In this discursive position, the choice of Chile as a migration destination is related to the possibility of getting a job in the area of professional specialization, and not with obtaining higher salaries than in Spain. In some cases, the existence of social networks facilitates this purpose. The possibility of emigrating to other European countries that facilitate migration as members of the EU and their proximity, and which are also the recurring destination of Spanish migrants (Domingo & Sabater, 2013), is not an option for this studied group, which aims at professional and personal development, since a portion of migrants only get low-skilled jobs and with precarious hiring conditions.
But there were two issues [about Germany]. One, that the experience that my friends had there at the moment was not very pleasant; I mean, those I was telling you about in Germany were having like…, initially, quite a few problems, almost all of them slept at work; and well, above all, the main problem was the language, a barrier (Interviewee 19, personal communication, January 24, 2018).
Rodríguez, Romero, & Hidalgo (2015) explain that, in regards to migration to Chile, “it does not seem to be the salary differences or the differences in income levels between Spain and Chile that explain the migratory flows, but the promotion opportunities, both social and economic, that Chile offers” (Rodríguez et al., 2015, p. 118); added to this is the expectation of gaining professional experience.
On the other hand, the migratory networks that link these two countries increase the possibility that Chile will be chosen as a migration destination. These migratory networks are diverse in terms of the intensity of the bond and the role it plays in the potential migrant. In some cases, they have served as a bridge for job placement, while in others, they have only guided and motivated the choice of country.
I had two ex-colleagues from the university who were working here in the south, so they had told me that here in Chile […] he told me: ‘Nuria, there is work here. It’s not great work, but it’s in our field and our degree is a degree that doesn’t exist in Chile’ (Interviewee 18, personal communication, January 24, 2018).
Conclusions
Asking about the reasons that underlie decision-making when migrating involves, in sociological terms, investigating the range of meanings of a highly complex social phenomenon. It is assumed that through this analysis there has been an approximation to the understanding of the migration process. The investigation into the subjectivity and experience of migrant subjects has allowed us to set up a referential analytical framework of the reasons that explain the arrival of the groups studied in Chile.
In a sense, the work done observes experiences that synthesize and express in turn all the conditions that explain the migratory situations referred to in the theoretical approaches. In this framework, it is reaffirmed that population displacements cannot be placed in any way in conceptual models that reaffirm the centrality of the economic variable. Although this is present, the value it brings to a comprehensive explanation of the phenomenon must be nuanced with other elements such as the political and social situation of the expelling countries and, above all, to personal projects and concerns, which are above the economic dimension.

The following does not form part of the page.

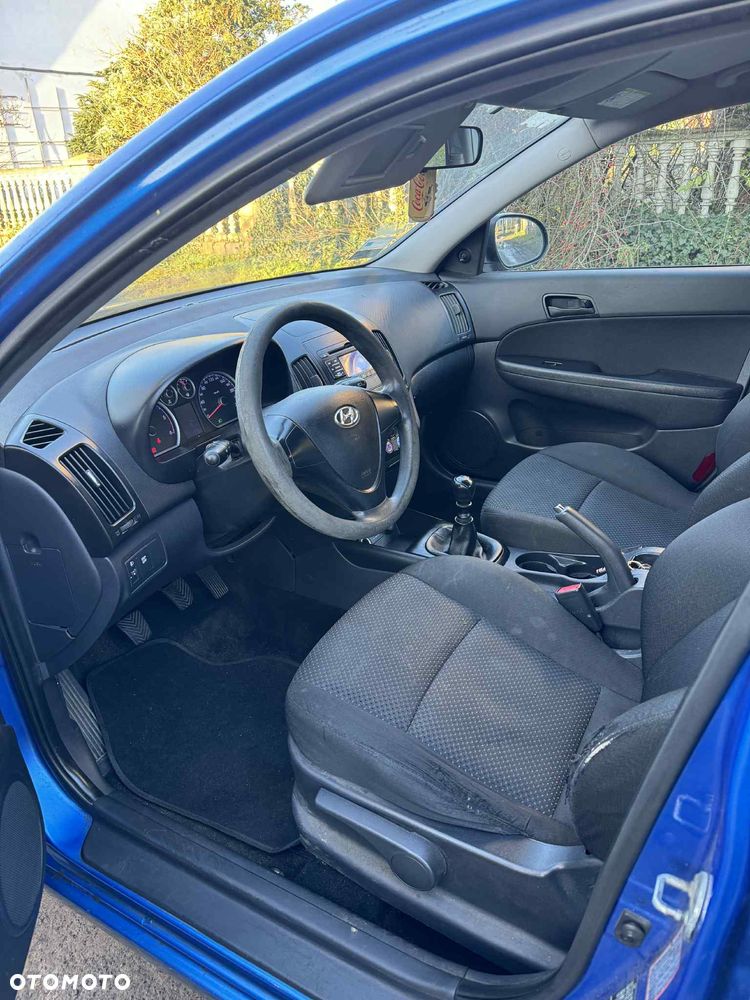 Hyundai i30 1.6 CRDi Classic + - 13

Schematically, the results distinguish four discursive positions in the three groups studied, which are constructed from the local or country context and its relationship with the global context, and from the social position in which the migrants find themselves.
Thus, the discourses that are distinguished have been identified as forced migration in the case of the Venezuelan group, traditional labor migration for Colombian migrants with a low level of skill, and migration based on professional growth in the case of highly skilled Colombians, and finally, in the migration for the search of professional fulfillment in the Spanish collective. In this last group, the underlying cause of the decision to migrate was the economic crisis of 2008 and the impact it had on the Spanish labor market. In each discursive position, the resources to achieve migration and the conditions in which it occurs are different, so the conditions of vulnerability experienced are also different. In this case, the most vulnerable groups are low-skilled Venezuelans and Colombians, a situation that manifests itself from the beginning of the migration process, with risky moves and no certainty of being able to enter the country of destination. This same condition is later expressed in obtaining jobs and in the greater risk of failure of the migration project.

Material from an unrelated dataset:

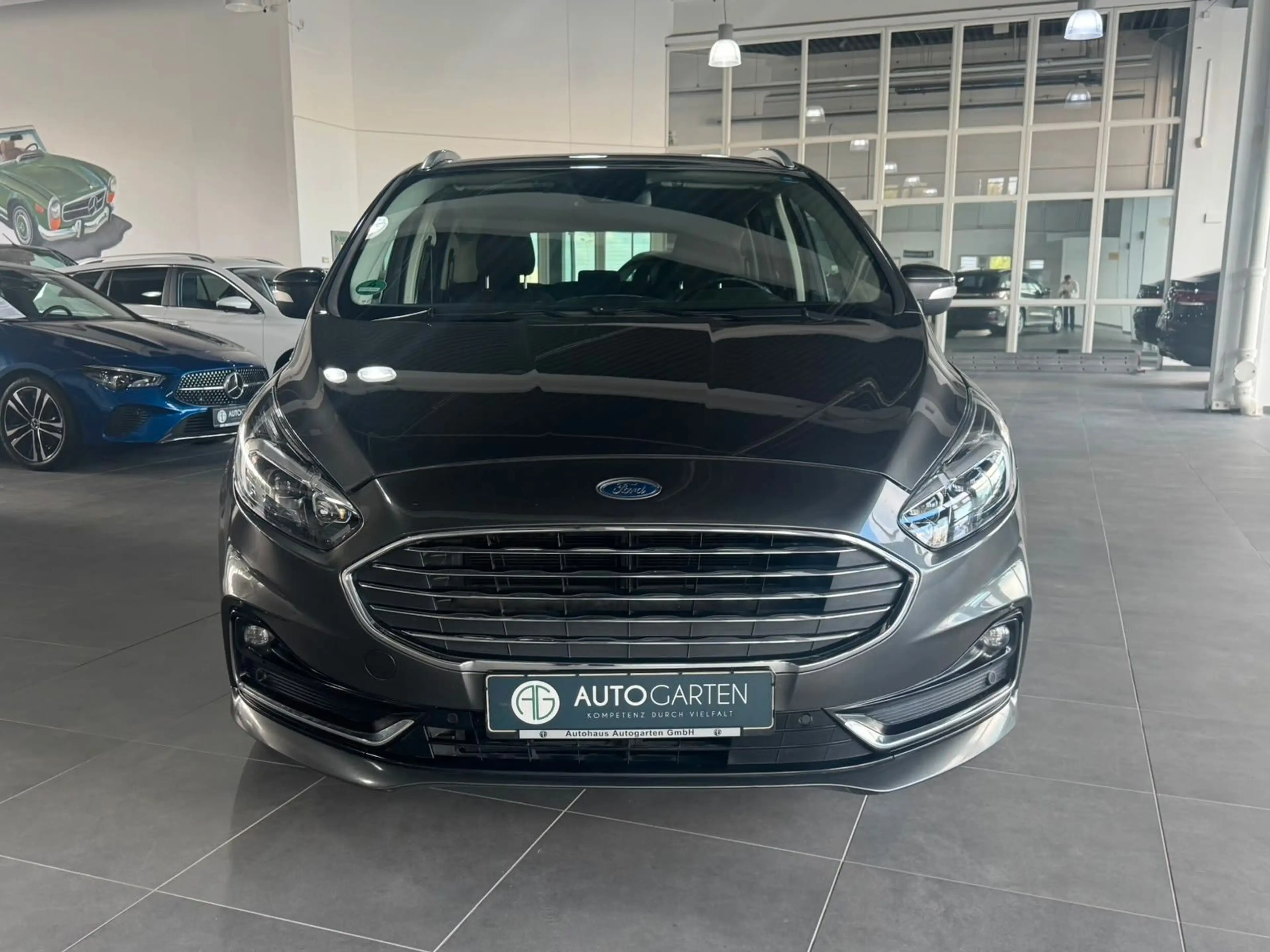 Ford S-Max S-MAX Hybrid Titanium — photo 3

In all the discursive positions, the existence of social networks is identified and how these have influenced the motivation and decision to migrate; however, the type of networks and the level of collaboration they provide is varied. In the case of forced migration and traditional labor migration, networks are a fundamental part for achieving migration, from monetary collaboration, to the reception at the place of destination and to making connections to get jobs; while in migration for professional growth and for professional achievement, social networks are less relevant, since they do not provide economic support, but are aimed at establishing a link with the country of destination.

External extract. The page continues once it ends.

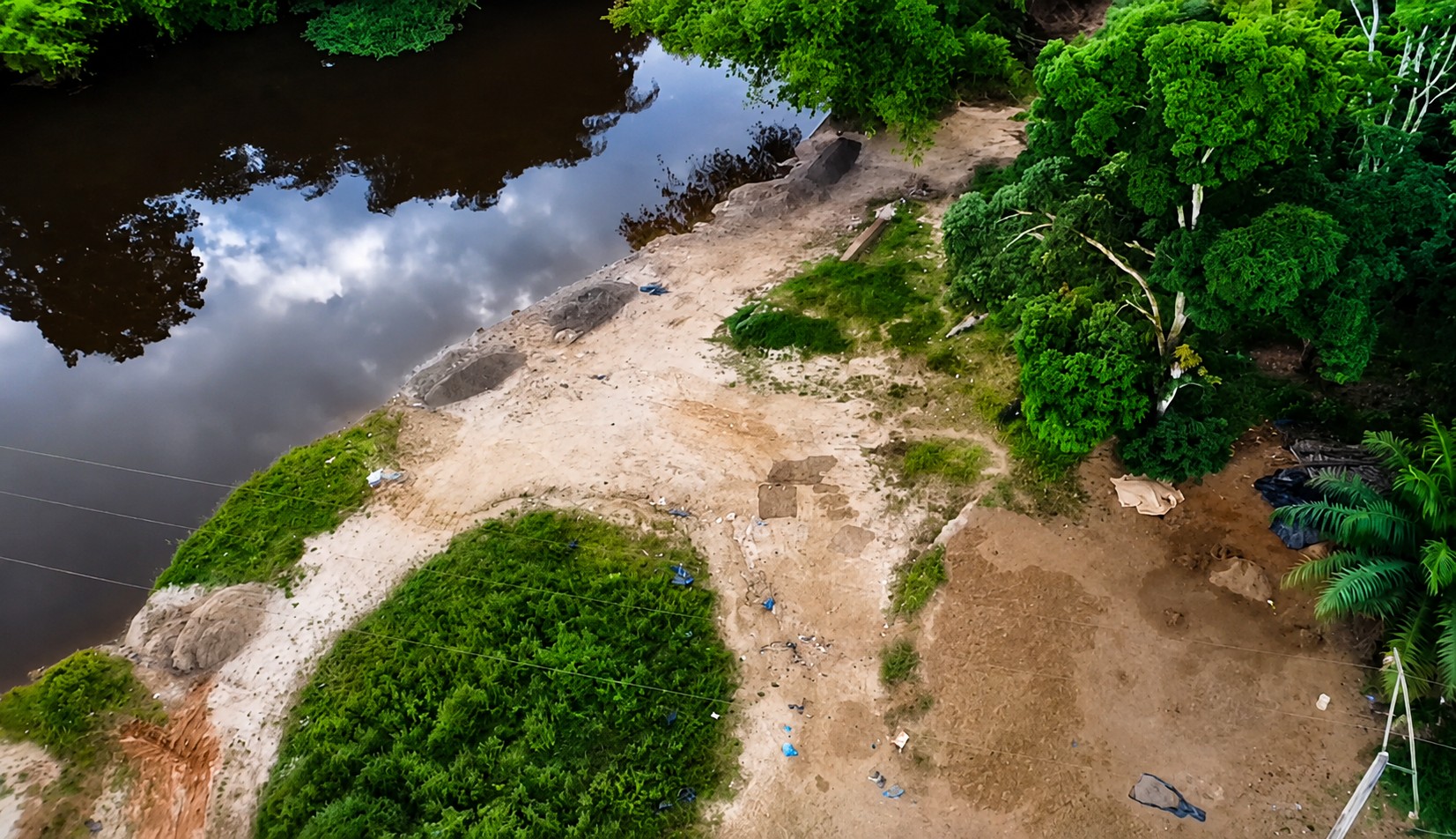Terrain projet GRAND-LAHOU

The choice of the migration destination, in this case Chile, considers macro and micro order factors in the decision making. Regarding macro factors, the economic crisis of 2008, which reconfigured the traditional migration destinations of the Colombian and Venezuelan population from Spain and the United States, towards countries in the same region; in this, they consider the economic conditions of the country of destination and their comparison with the conditions of the country of origin, a comparison in which Chile has a positive nation brand, in the context of regional migration. On the other hand, the facilitators of migration and the currency exchange value ratio between the country of origin and the country of destination, are elements that are considered in the migration of Venezuelans and Colombians. In addition, there are political and economic agreements between Chile, Colombia and Venezuela that facilitate immigration to the country, so that migration obstacles are minimal.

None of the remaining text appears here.